“I shall not ask you——” Camain was beginning, when the tramp of feet in the corridor interrupted him. “Ah, here is our adventurer. Yes, bring him in, men.”

If the Comte de Brencourt felt the indignity of his position, he did not show it. His chief preoccupation, Valentine could not but feel, was to avoid looking at her. He had not been secured without a struggle, that was evident, for there was a cut on his forehead, and his neckcloth was wrenched half off. His arms were bound to his sides by a pipe-clayed cross-belt. Valentine could not keep her eyes off him, but the Comte himself looked nowhere but at Camain. And Camain, advancing a little, studied him for a moment, his hands behind his back, his rather prominent blue eyes suddenly grown searching.

“Your report, corporal?” he said abruptly, still running his gaze over the captive.

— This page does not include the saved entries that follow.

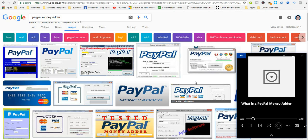Three PayPal money names to be aware of are PayPal money adder, PayPal money generator, and PayPal monkey generator. There are also payza money adder tools. They are also scams.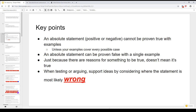One big key point is that an absolute statement — positive or negative — cannot be proven true with just examples. If you say something is true for all people, that's an absolute positive statement. Giving some examples of it being true is not enough to prove it, unless your examples cover every possible case. On the other hand, an absolute statement can be proven false with just a single example. If you say all people follow this rule, and you find one person who doesn't, then the statement is false.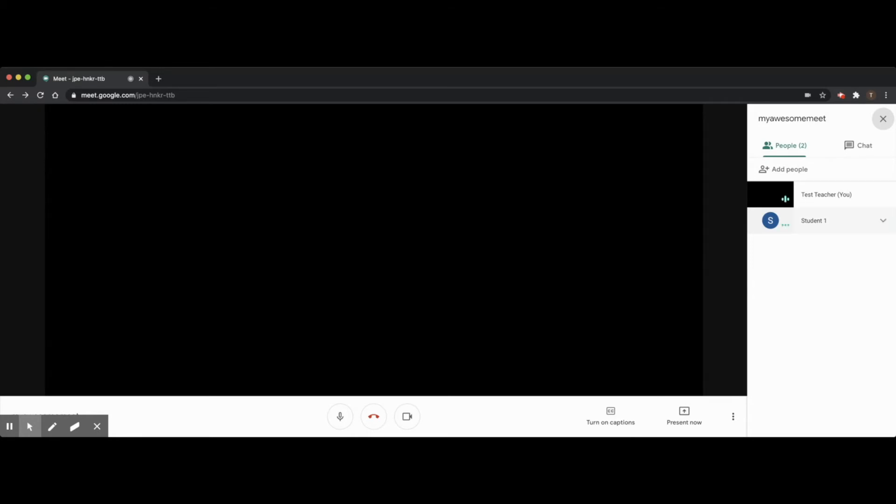For example, if I mouse over student one, I can pin his video on display so that I can always see it.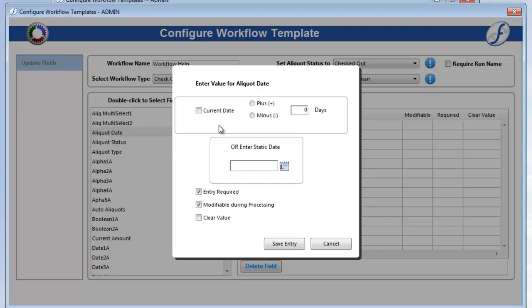For our field aliquot date, let's check Entry Required and Modifiable During Processing, so the user processing must fill in this data.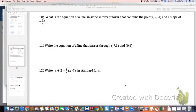I cannot stress enough how much you have to read the directions tomorrow. So many of you missed problems on those quizzes by doing more work because you didn't read what format of the equation was required.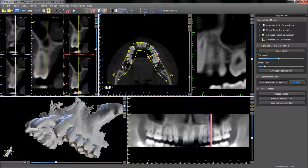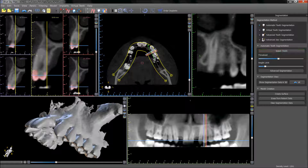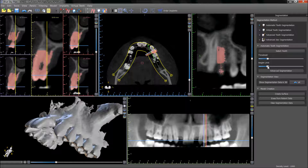The axial slice view should be positioned towards the edge of the relevant teeth. Automatic tooth segmentation is the fastest way to segment a tooth. Pressing select tooth and then the relevant tooth will highlight the tooth in pink. The threshold slider can be used to raise or lower the density threshold to affect the area being selected in pink. The height limit can also be used to control the length of the area being selected.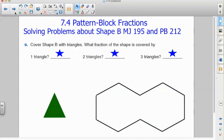I hope these pattern blocks help you to better understand a way to look at fractions, and they will become more familiar as we move throughout the unit.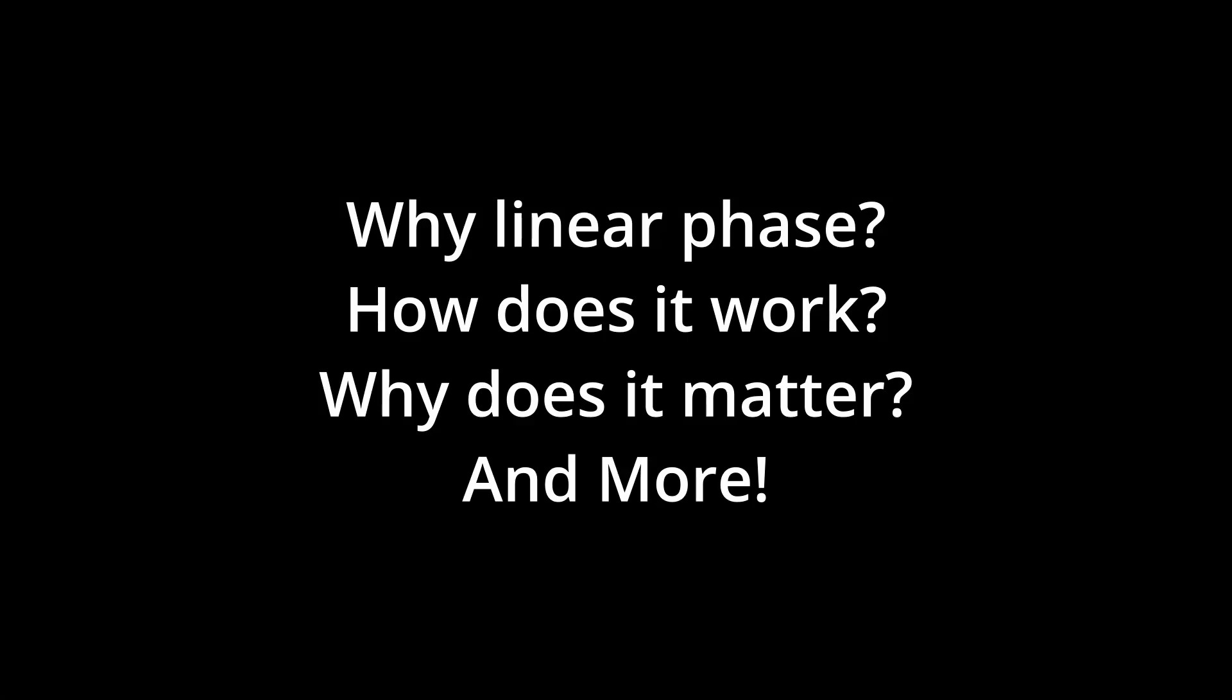Hello and welcome back to Elliott Designs. Today we are going over what is linear phase EQ and why do we want to use it.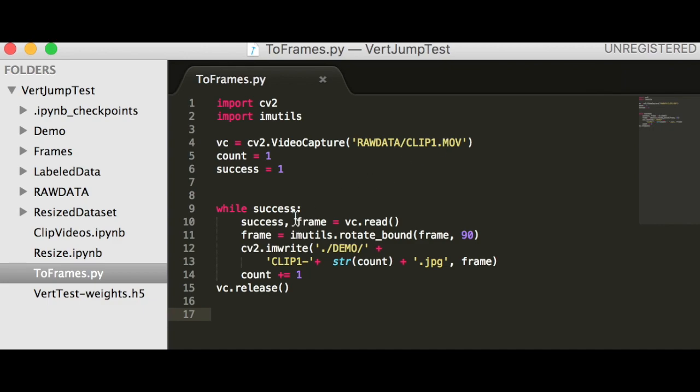We use while success to see if we've successfully been reading the video, then we take the frames and rotate them. In my setup, OpenCV2 opens it rotated 90 degrees, so I use the image utils library to center the frame back upright.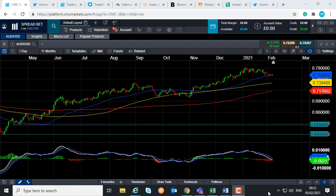Good morning and welcome to the Chart of the Week video with me, David Madden. Today's discussion is at 9:22 GMT. This week's chart of the week is the Australian dollar versus the US dollar, or as some call it, the Aussie dollar.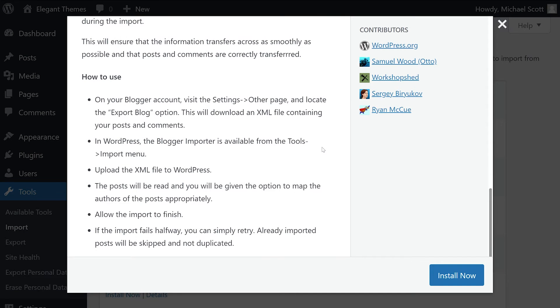If you end up using something like the Blogger import, you'll find directions that are specific to that platform.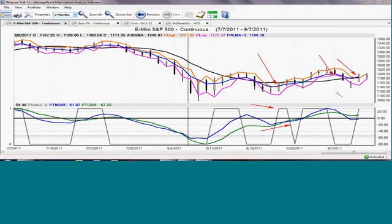Now, using this same strategy, we would say 20 points above that predicted high — which was 11.81 — we would be a buyer at 12.01. I looked and we hadn't quite reached that point yet, so we would not be long, we would not have a position. We could also be looking at the possibility of being short by going 20 points below the predicted low of today, which is 11.78 minus 20, so 11.58 might be a short candidate.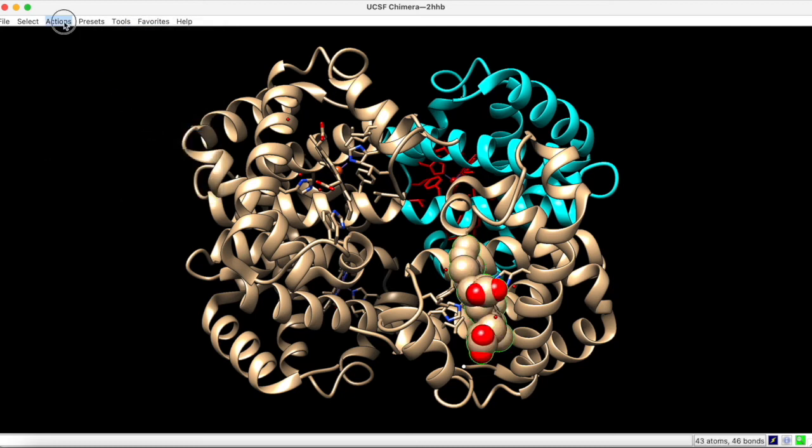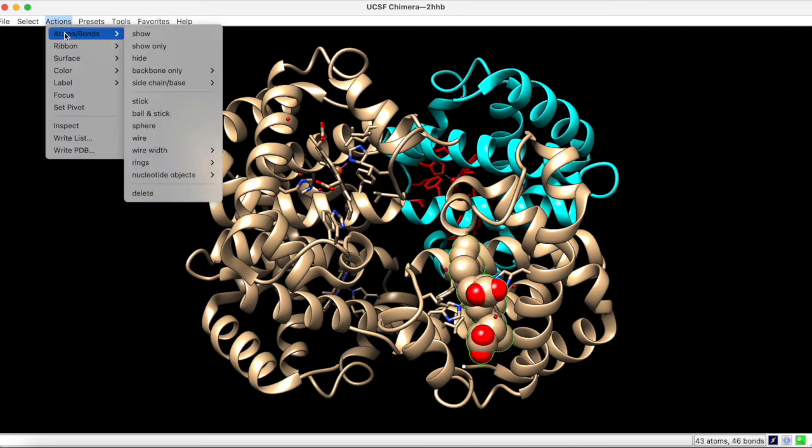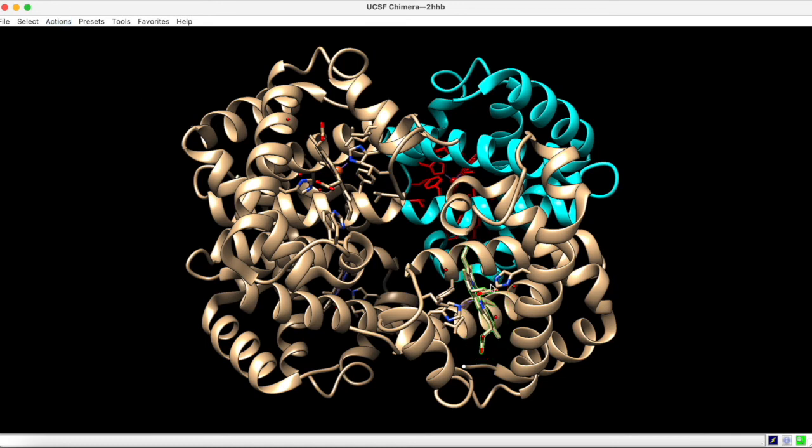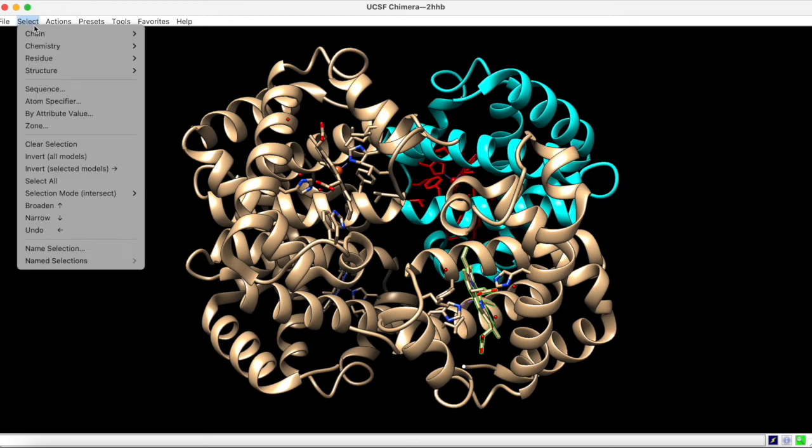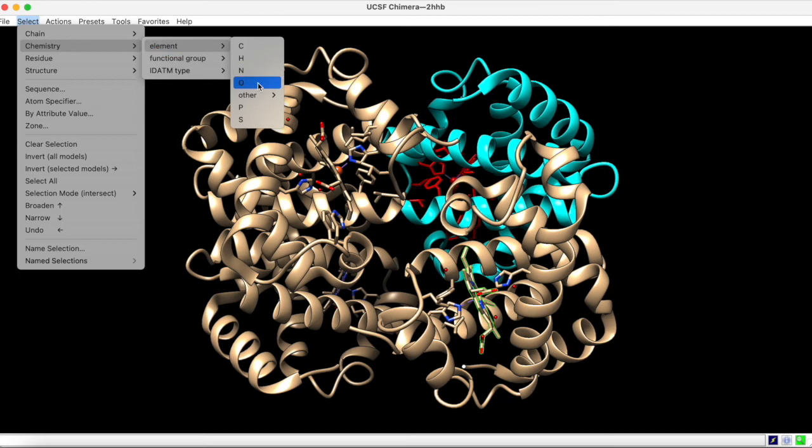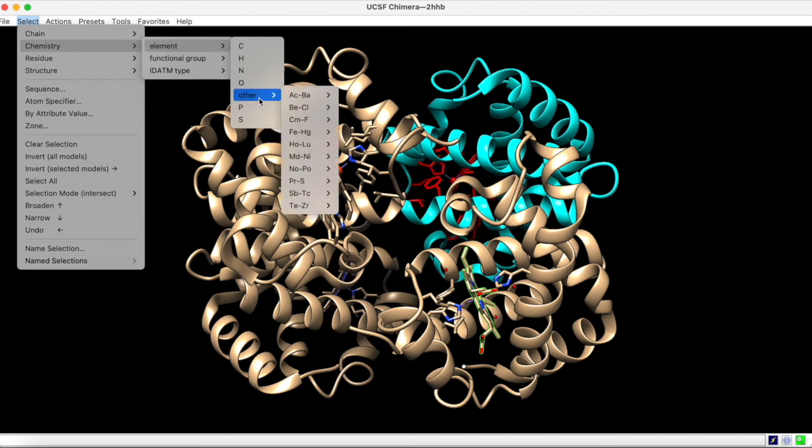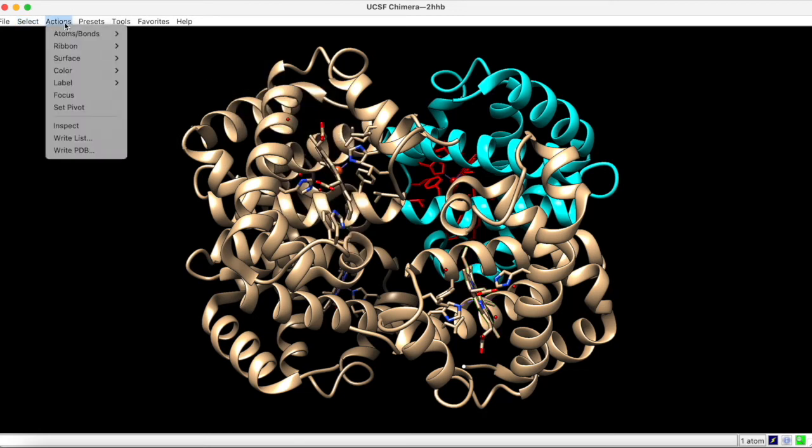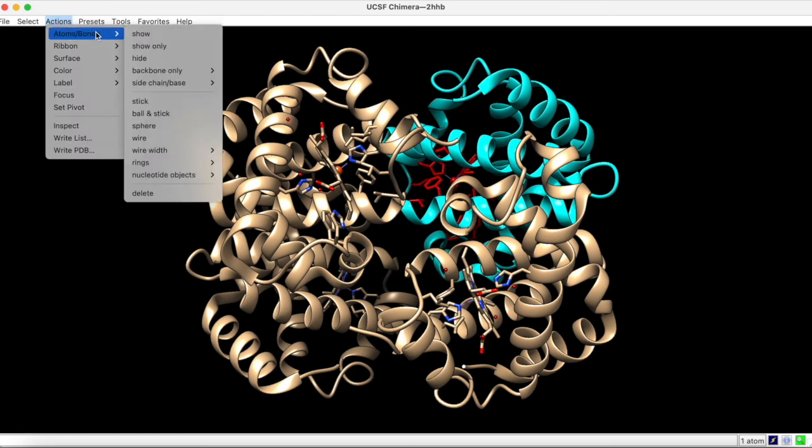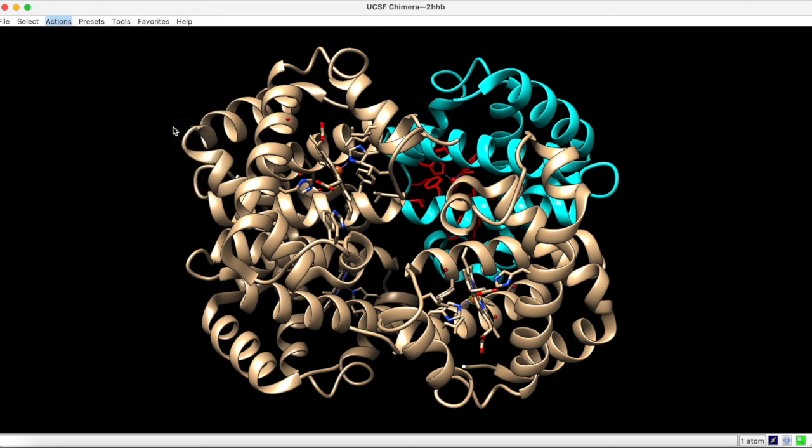Now, if you change the representation to stick, you'll notice that the heme group looks much as it did in the beginning, except the iron atom has sort of disappeared. However, remember that the selection mode is still on intersect, so under Chemistry, we can select the iron atom specifically. Now, under Actions, we can change the depiction of this atom to sphere, and the heme group is restored to its exact original representation.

The National Guard related a story to which no one in the room listened more fixedly than the concierge of Mirabel: how the sentry—apparently neither Grégoire nor Jacques—happening to look round at the château not very long after the entry of the Deputy and his party, had seen a man getting in at one of the ground-floor windows, how he had summoned the guard and they, selecting the same window, as the quickest mode of entrance, had at last run the intruder to earth on the basement floor and, after a lively resistance, captured him.

“Very smart work, corporal,” said the Deputy. “But that window—what window was it?”

“We found ourselves when we got in, Citizen Deputy, in that room they call the ‘sallette.’ ”

“The sallette!” echoed Camain in surprise, and Valentine suppressed an exclamation. How nearly right her presentiments had been, then! But to enter by the window, in broad daylight, in view of the sentry; it sounded crazy!

“And what had he in his pockets?” went on the Deputy.

“These small tools, Citizen Deputy, a handkerchief, and a case with assignats; we have not counted them yet.”